At the bottom of the field in front of my house is this shabby Dutch barn. Most people’s reaction is ‘I bet you wish that barn wasn’t there’, but I actually rather like it. It is prominent but doesn’t block the view. There aren’t many buildings I’d be happy to see there but this utilitarian shed represents something about why I moved to the country and how man and nature co-exist in the English landscape.
Its frame is made up of slender steel posts and rails that are just sufficient to do their job. There is no redundancy in the structure and each component is doing what it appears to be doing. The joints are simply bolted and the corrugated steel cladding sheets are screwed on so that individual pieces could be easily replaced if necessary or the whole thing taken down and re-erected somewhere else. The repeated modular bays are, perhaps unintentionally well proportioned and the symmetrical composition is essentially classical. The bracing at the tops of the posts are a primitive capital, taking the weight and wind-loads from the roof down into the columns.

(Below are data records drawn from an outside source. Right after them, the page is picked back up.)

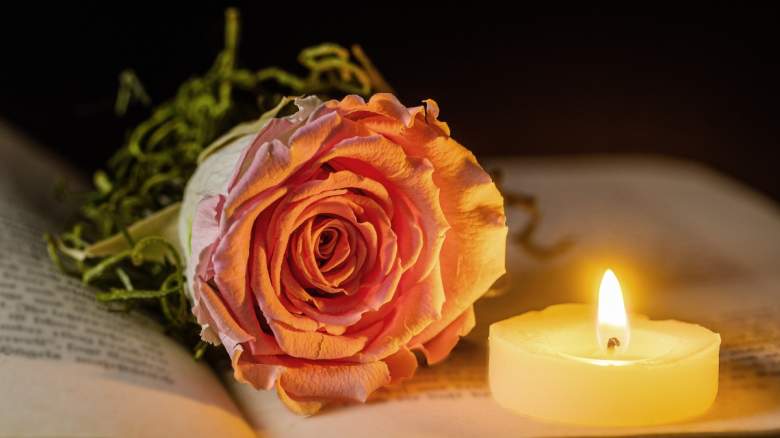 A rose and lit candle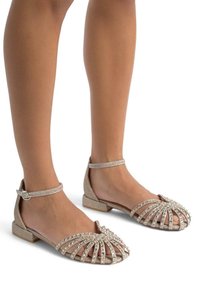 Ballerines beige scintillantes avec un design à lanières, ornées de pierres à rhin. Talon petit et brides de cheville avec une boucle.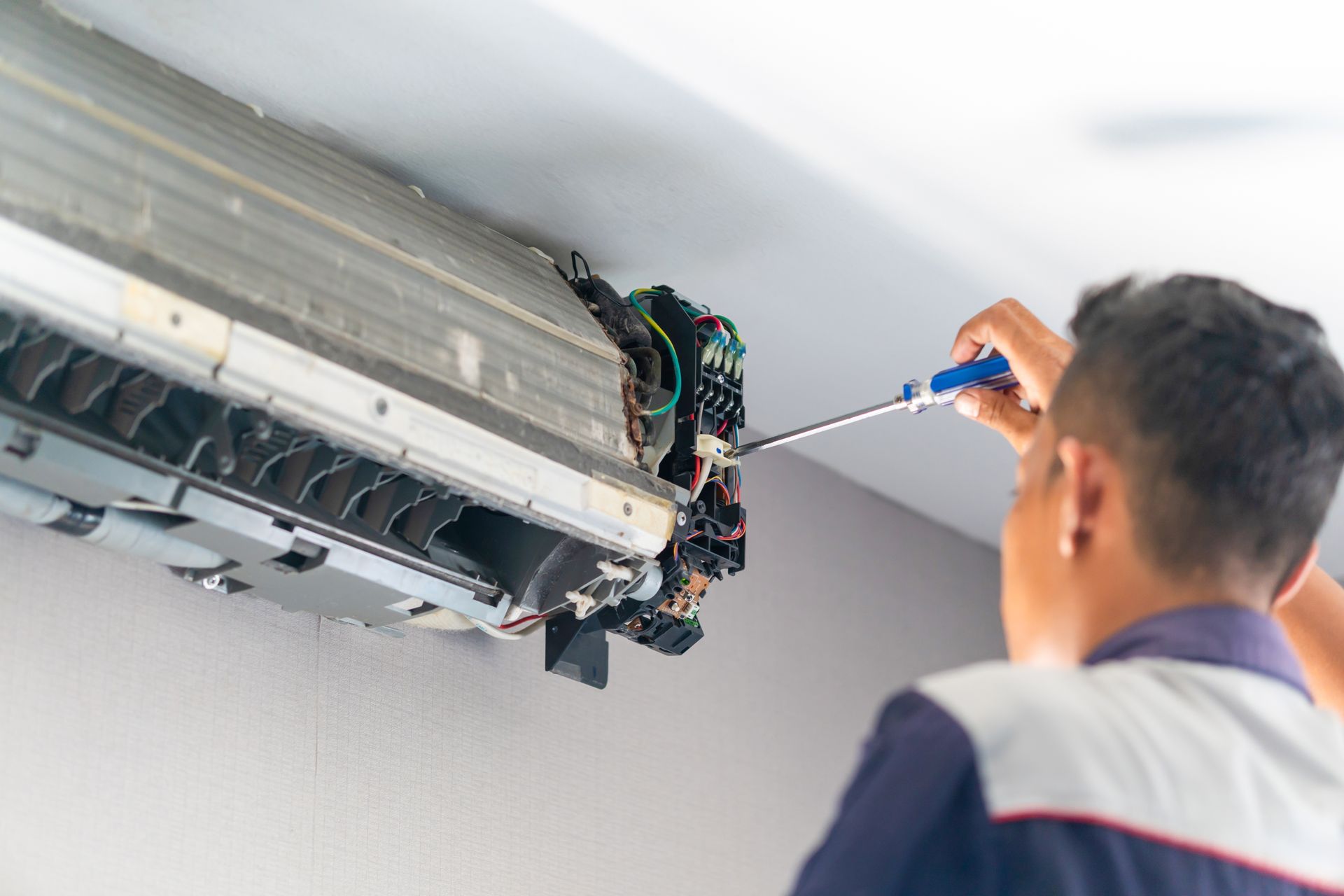 A repairman using a screwdriver on a disassembled, wall-mounted air conditioning unit.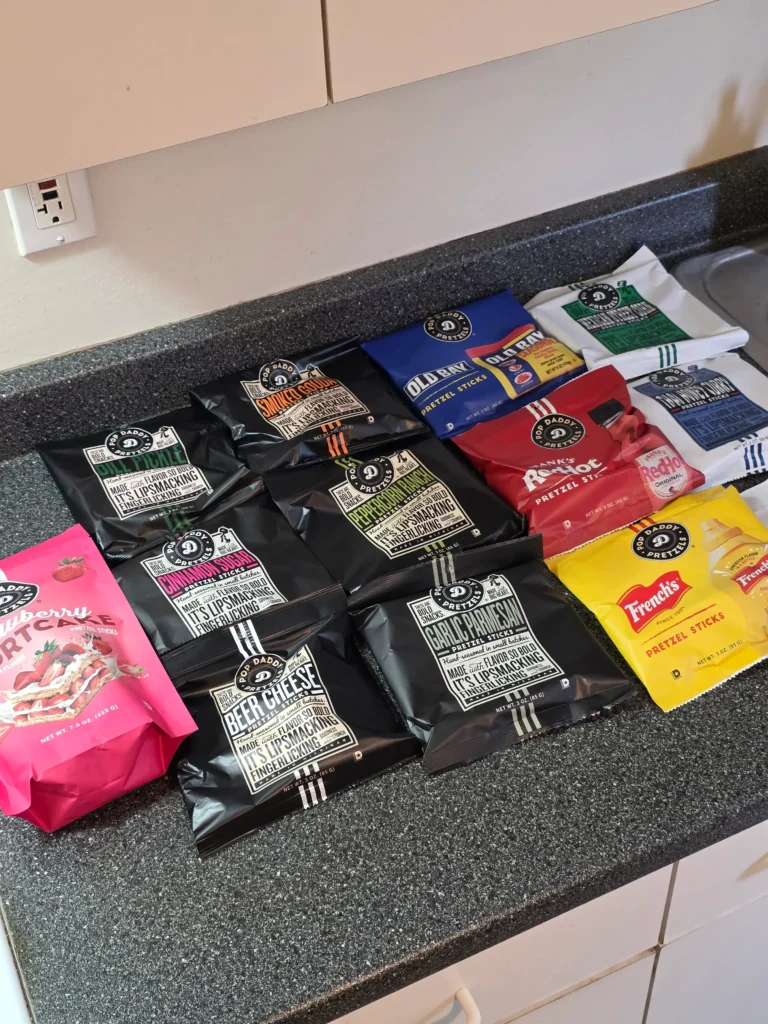 pop daddy pretzel sampler pack: Strawberry Shortcake, French’s, Frank’s RedHot, Old Bay, Maple & Brown Butter, Thai Curry Honey, Birthday Cake, Beer Cheese, Dill Pickle, Smoked Gouda, Cinnamon Sugar, Peppercorn Ranch, Garlic Parmesan, Mexican Street Corn.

The barn is made of materials that could be said to improve with age as they develop a patina and even as they decay. The simplicity of its form and construction are appropriate to its function. It is only clad on its south-east and south-west sides where the wind normally comes from so it looks completely different from one side than the other. The thing I really like is how its appearance and transparency change through the seasons. In late spring and summer the sheep use it for shade and as a sheltered place to spend the night. During the summer it slowly fills up with straw bales and loose metal panels are tied on to the open sides to give more protection from the rain. Over the winter the colour of the bales changes from gold to brown and they are removed a few at a time until it is empty again. The module of the stacked bales is similar but slightly different to that of the structural frame in front so there is an interplay between the two rhythms. The bales form a rough grid pattern that is full of gaps, lumps and frayed ends, imperfections that could be said to have their own order. I would love to make elevations that have as much life and character as these.

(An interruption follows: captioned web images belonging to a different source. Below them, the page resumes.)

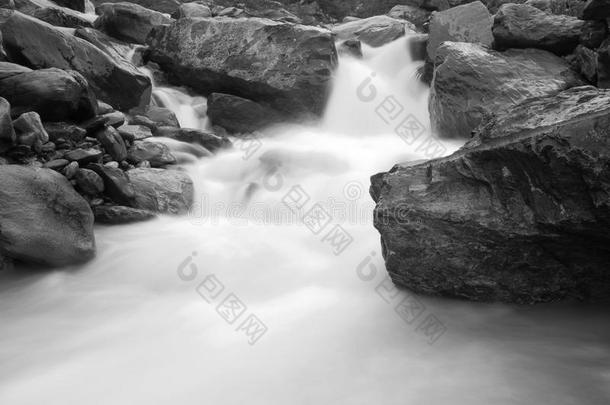 高山溪陡峭的石质河床。溪水的波浪模糊地流过巨石和石头，雨后水位很高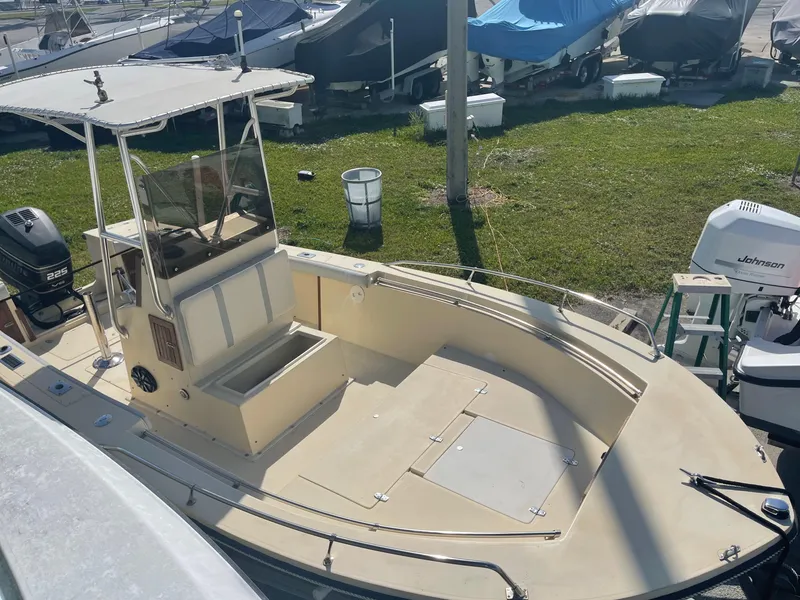 Slide: The Image of 1986 Gulf Stream Yachts custom boat with center console and canopy, docked at marina. - 14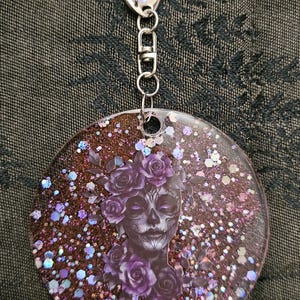 May include: A round keychain featuring a Day of the Dead sugar skull design. The image of the skull is surrounded by purple roses and glitter. The keychain has a silver clasp and chain.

The reason I am talking about a humble barn with no architectural pretensions in this way is that it has qualities and evokes feelings that many architect designed buildings fail to do and I am keen to understand why that is. It is not my intention to romanticise the aesthetic of decay. It is much more difficult to design a building for human habitation with all its necessary regulations and the client’s understandable desire for it not to rust and fall apart. Using materials that improve with age and exposure to the elements without requiring too much maintenance makes sense in any building. The idea of an honest structure where the materials are doing what they appear to be doing is seductive but very difficult to achieve in the multi-layered construction required to achieve the level of environmental performance we now demand.

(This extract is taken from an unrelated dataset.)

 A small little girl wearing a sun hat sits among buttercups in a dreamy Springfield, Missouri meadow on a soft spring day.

In some ways looking at such buildings for inspiration is not constructive because we are easily distracted by aesthetics and a different set of values from the people who have to use and maintain them. I can be pretty sure this barn was not built with any of the things I have mentioned in mind – it is simply a place to store straw, but it is precisely this conflict that interests me. Development in the countryside is inevitable and farmers need to adapt to different methods and larger scales of agriculture. A structure such as this suggests how that might be done in a way that is obviously man-made but with a degree of refinement and allowing nature a place in the life of the building.